Bhunai is the active, continuous, high-heat stirring and pressing of ingredients against the karahi walls that is the central technique of karahi cooking. It is not an occasional stirring. It is not simmering. It is loud, hot, and requires full attention for 8 to 10 minutes. You know bhunai is complete when the oil visibly separates from the masala and pools at the edges and surface of the karahi. The masala will look concentrated, darker, and almost dry at the moment before the oil separates. This is correct and should not be interrupted with water. 

Two conditions must both be met to prevent yogurt from curdling: it must be at room temperature when added, and it must be whisked completely smooth before adding. Cold yogurt experiences thermal shock from the hot masala. Unwhisked yogurt has lumps that seize before they can integrate. If both conditions are met and you stir continuously from the moment the yogurt goes in, curdling does not happen. Take yogurt from the refrigerator at the start of the recipe, not five minutes before Step 6. Whisk it just before adding. Stir without pausing for the first full minute.

Yes, but the result will be noticeably lighter. Bone-in chicken releases collagen and natural fat from the marrow and connective tissue into the gravy as it cooks, producing a richer, more body-forward sauce. Boneless chicken produces a thinner gravy with a cleaner chicken flavour. If using boneless, reduce the cooking time in Step 2 by 1 to 2 minutes and watch carefully in Step 4 to avoid overcooking during the bhunai. The spice quantities remain the same.
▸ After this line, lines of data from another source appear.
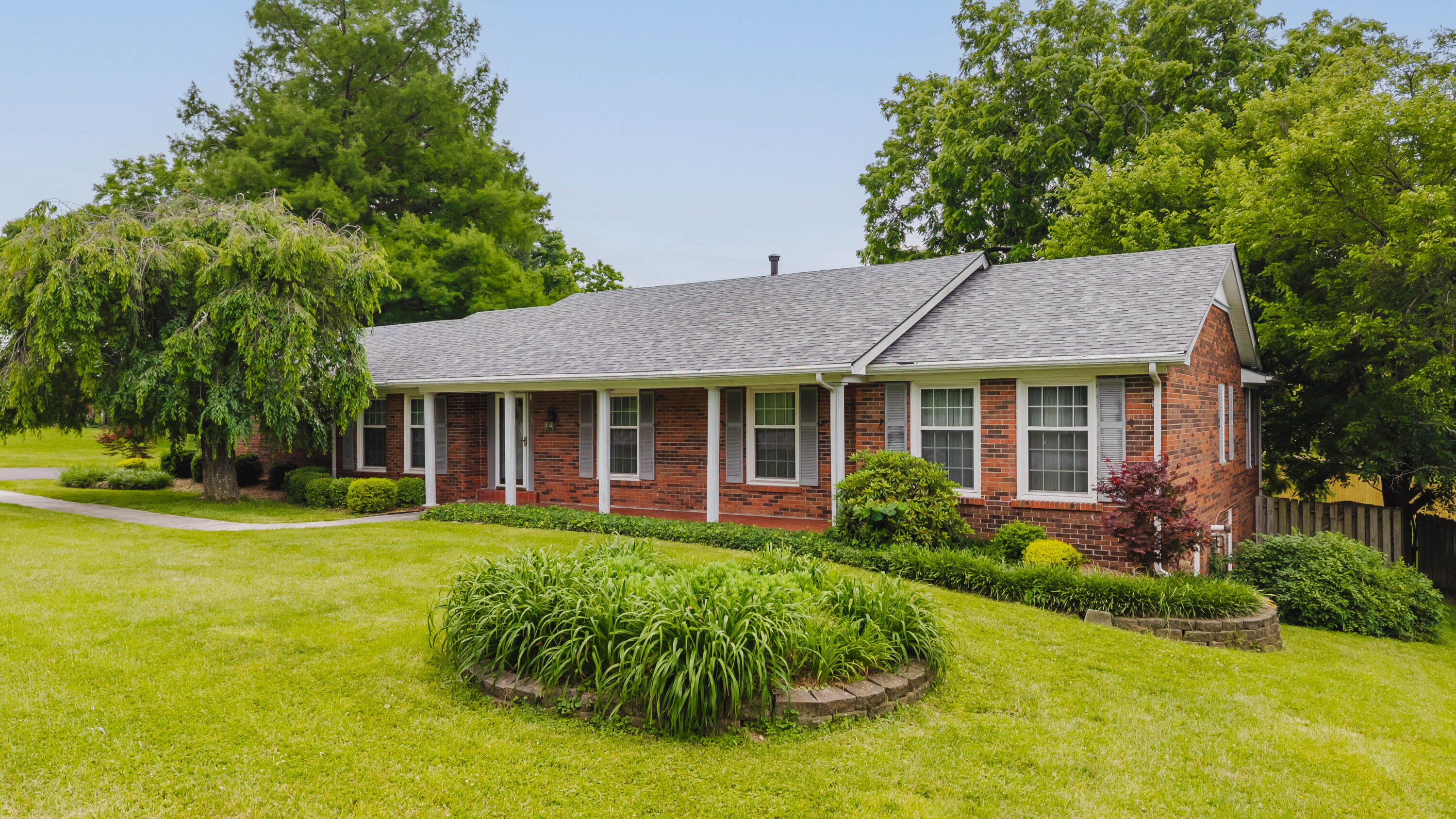 200 Westover Road Property Photo 3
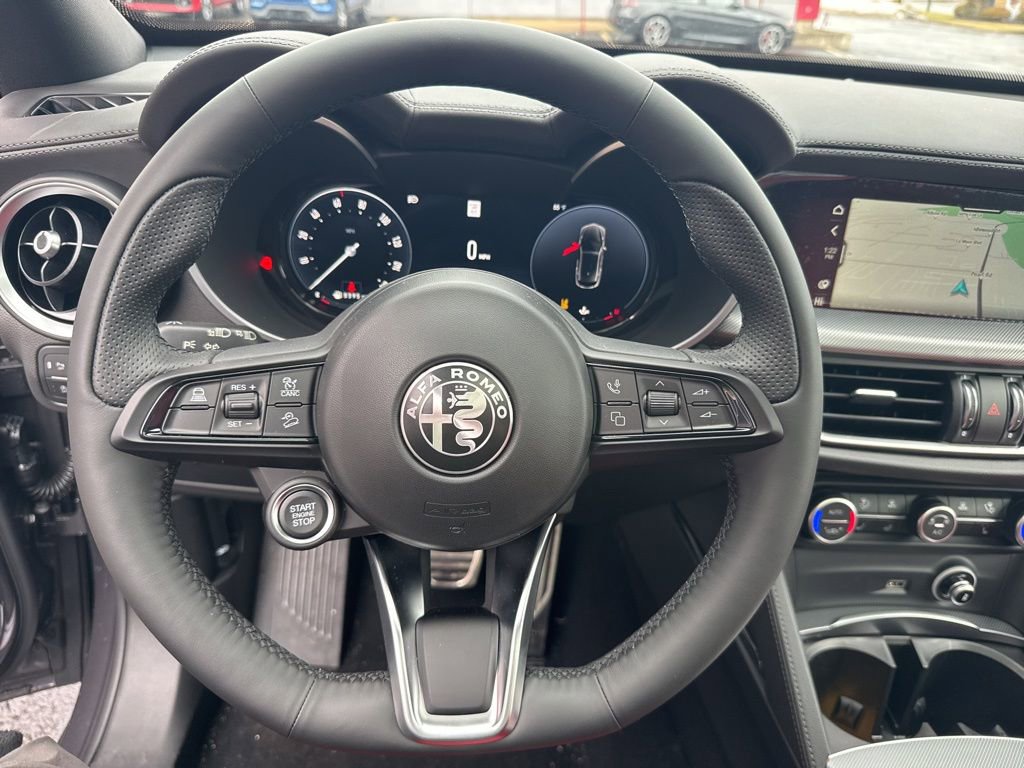 New 2026 Alfa Romeo Stelvio Sprint AWD/4WD image 14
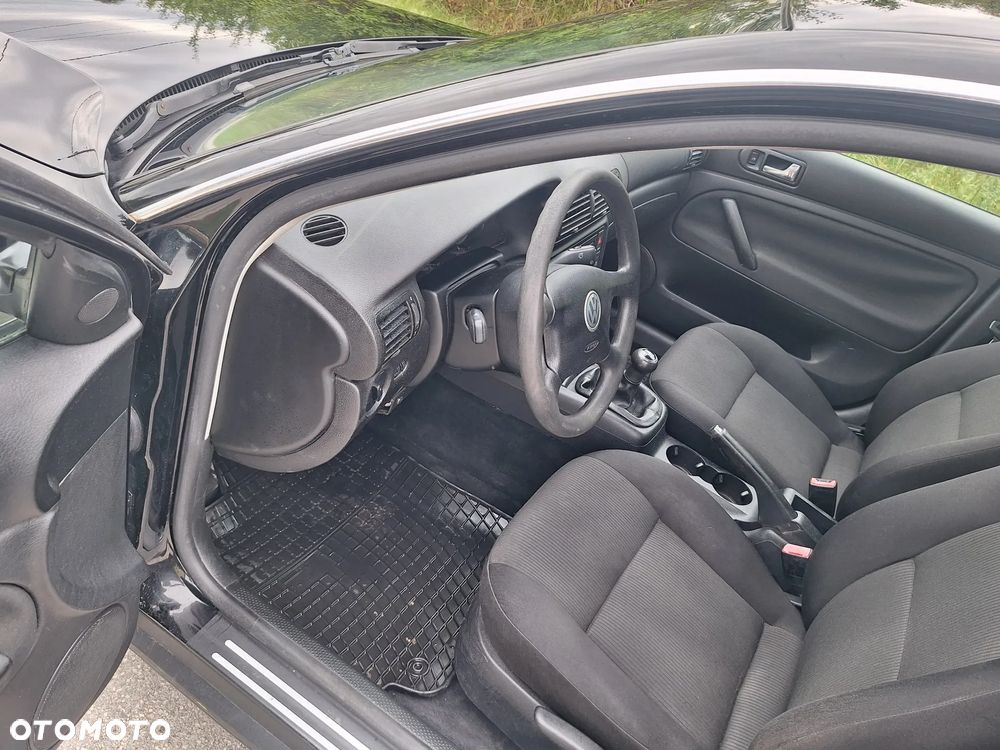 Volkswagen Passat 1.9 TDI Family - 9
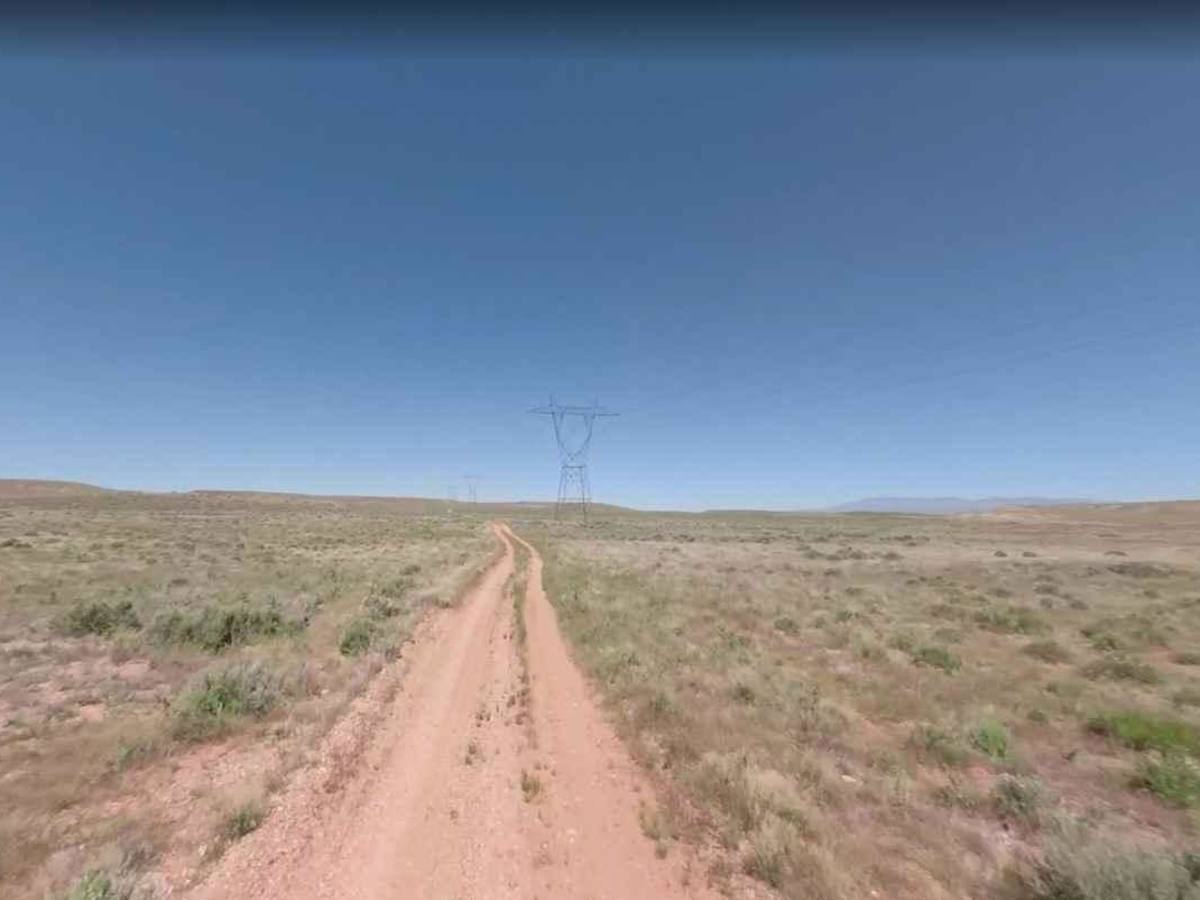 Powerline Road West-BLM2075 trail photo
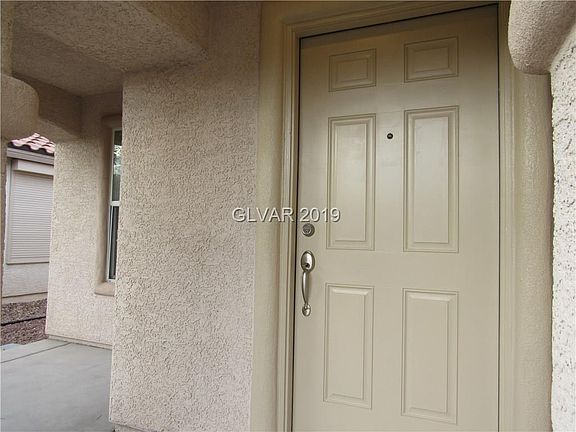 3rd image of 3482 Famiglia Dr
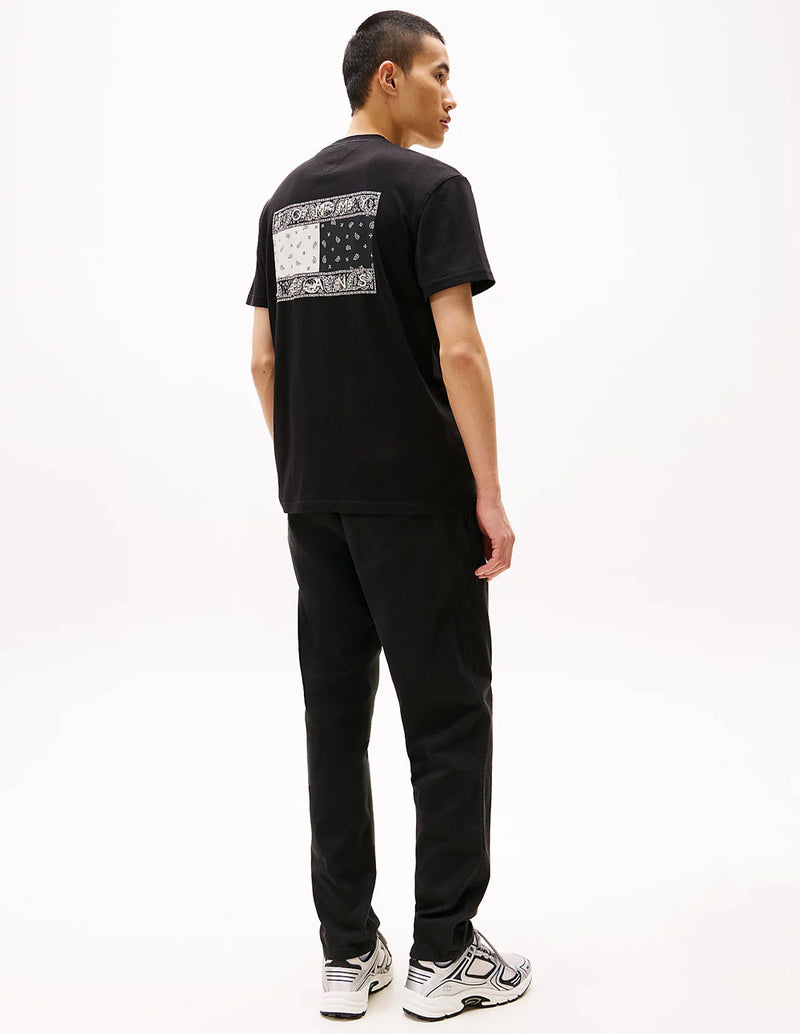 Camiseta Tommy Jeans con Estampado en la Espalda Negra Hombre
Store in an airtight container in the refrigerator for up to 2 days. The oil in the gravy will solidify when cold, this is normal. Reheat gently in a pan over medium heat, adding a splash of hot water if the gravy looks too thick, and stir regularly until hot throughout. Do not microwave, it heats unevenly and can make the chicken rubbery. Unlike slow-cooked dishes, this karahi is best fresh and is at its absolute peak in the first 10 minutes after cooking. Reheated next-day karahi is still good but noticeably different from the fresh version.